Des clés manquantes, des plantes de cannabis, un chat, des crottes errantes, des téléphones éteints commodément – tout cela n’est que du fourrage. Amanda ment sur certains détails parce qu’elle pense qu’elle défend ses amis, mais le public sait qu’elle noue le nœud coulant autour de son propre cou. C’est une approche inhabituelle pour une série comme celle-ci, mais elle est tout de même puissamment efficace, parce que l’inconscience totale d’Amanda – la scène où elle enseigne à un beau flic italien quelques positions de yoga au milieu de la station en est un excellent exemple – est moins un trait charmant qu’une garantie inquiétante qu’elle est foutue.

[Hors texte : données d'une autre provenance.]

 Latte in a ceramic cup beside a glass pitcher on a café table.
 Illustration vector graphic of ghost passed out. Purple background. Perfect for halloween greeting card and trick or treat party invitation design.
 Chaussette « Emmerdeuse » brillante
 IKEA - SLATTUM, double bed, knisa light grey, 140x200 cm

Et, blimey, elle est foutue. Mais elle n’est pas la seule. Dès que la police a trouvé un cheveu dans la chambre de Meredith appartenant à un homme noir, et que nous avons rencontré le charmant patron d’Amanda, Patrick, qui se trouve être noir, j’ai su où les choses allaient aller. Cela constitue une partie importante de l’histoire, puisque les « aveux » d’Amanda impliquaient Patrick, qui n’avait rien fait du tout, dans le meurtre de Meredith.

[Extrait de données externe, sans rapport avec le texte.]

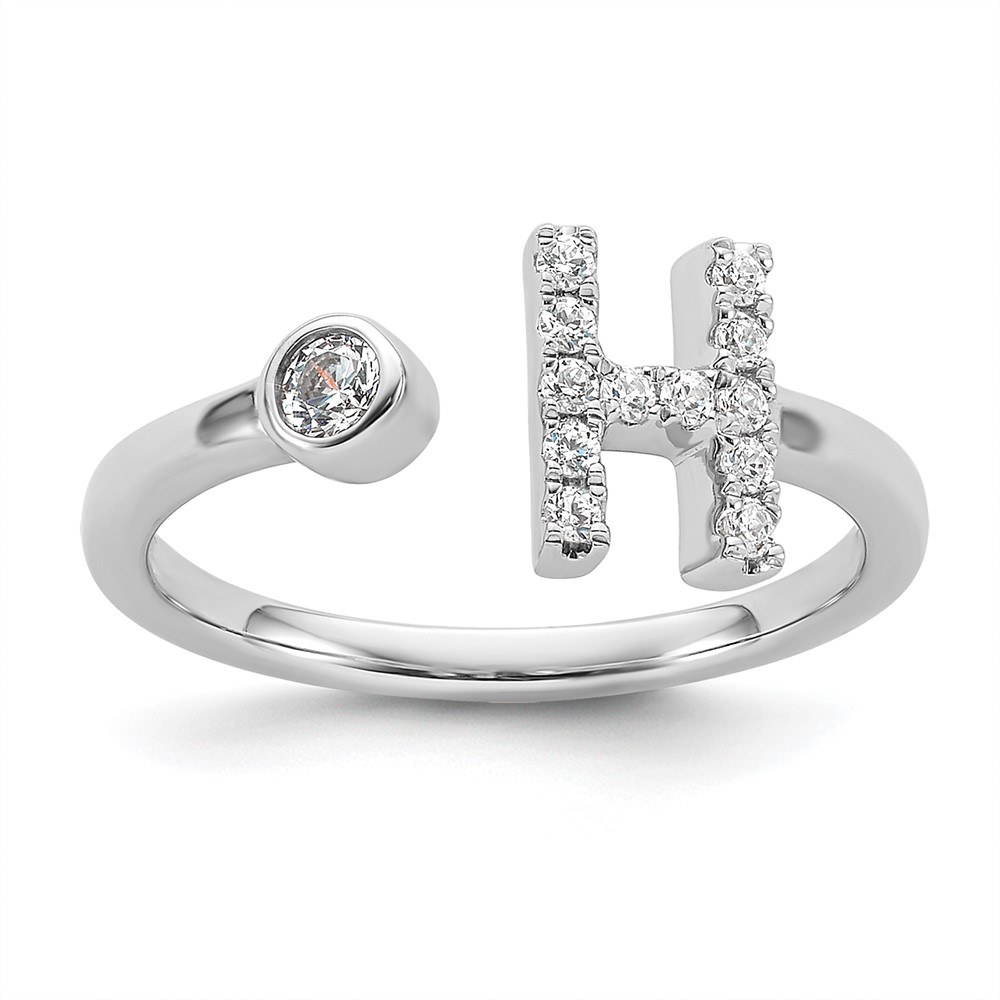 14K White Gold 0.20 Carat Lab Grown Diamond VS SI+ G+ Complete Initial H Adjustable Ring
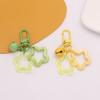 Hollow Five-Pointed Star Bell Pendant Car Hanging Keychain Candy Color Bag Keyring Diy Jewelry Making Key Ring For Women Girl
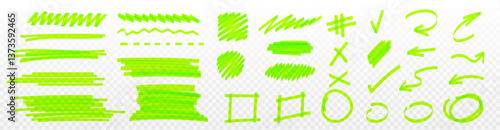 Highlight marker strokes set - hand drawn green lines, circles, rectangles, underlines and checkmarks, hashtag. Crayon, felt-tip pen grunge graphic elements for correction, emphasis, selection.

Mais parlons de cet aveu. C’est la séquence la plus marquante de L’histoire tordue d’Amanda Knox Épisode 2, et est superbement bien orchestré par le réalisateur Michael Uppendahl. Au début, comme auparavant, Amanda est interviewée sans la présence d’un interprète. Bien qu’il s’agisse d’un tête-à-tête, plusieurs autres agents s’en mêlent. Dans un gros plan extrême de Van Patten, complété par une distorsion audio et des images superposées, nous voyons comment les questions agressives commencent à la briser. Nous voyons un flic la frapper à plusieurs reprises par derrière. Nous voyons sa détresse s’aggraver. Et nous comprenons tout à fait soudainement comment quelqu’un peut être contraint d’avouer un crime qu’il n’a pas commis, et d’impliquer quelqu’un d’autre dans ce crime pour faire bonne mesure. N’importe quoi pour faire cesser le tourment.
Ce n’est que lorsque vous vous arrêtez un instant pour réfléchir que vous réalisez à quel point la police a peu de preuves. Leur « preuve irréfutable » est un texto qu’Amanda a envoyé à Patrick pour lui dire : « À plus tard, bonne soirée », alors qu’il lui a dit qu’elle n’avait pas besoin de travailler. Pour un anglophone, il s’agit clairement d’un adieu décontracté. Pour la police italienne, c’était la preuve d’une rencontre prévue. L’idée qu’Amanda et Rafaele aient éteint leurs téléphones pour pouvoir fumer de l’herbe et avoir des relations sexuelles sans être inquiétées – ce qui, comme nous le voyons dans des flashbacks, est ce qu’elles ont fait – est en quelque sorte incompréhensible. Tout cela est horrifiant précisément parce que c’est absurde.
Et dès que la police obtient ce qu’elle veut, c’est tout. Affaire classée. Amanda, Rafaele et Patrick sont tous accusés. La déclaration originale d’Amanda, bien qu’elle en ait fourni une autre presque immédiatement après, est prise comme parole d’évangile. Il n’y a aucune possibilité de revenir en arrière ou de clarifier ce que elle voulait dire ; aucune considération pour la barrière de la langue ou le stress extrême de l’interrogatoire. Elle est coupable.
Pendant ce temps, Edda se rend en Italie pour voir Amanda. Au moment où elle y arrive, sa fille fait la une des journaux, une meurtrière qui a avoué son crime. Quelque chose me dit que ce ne sera pas vraiment des vacances.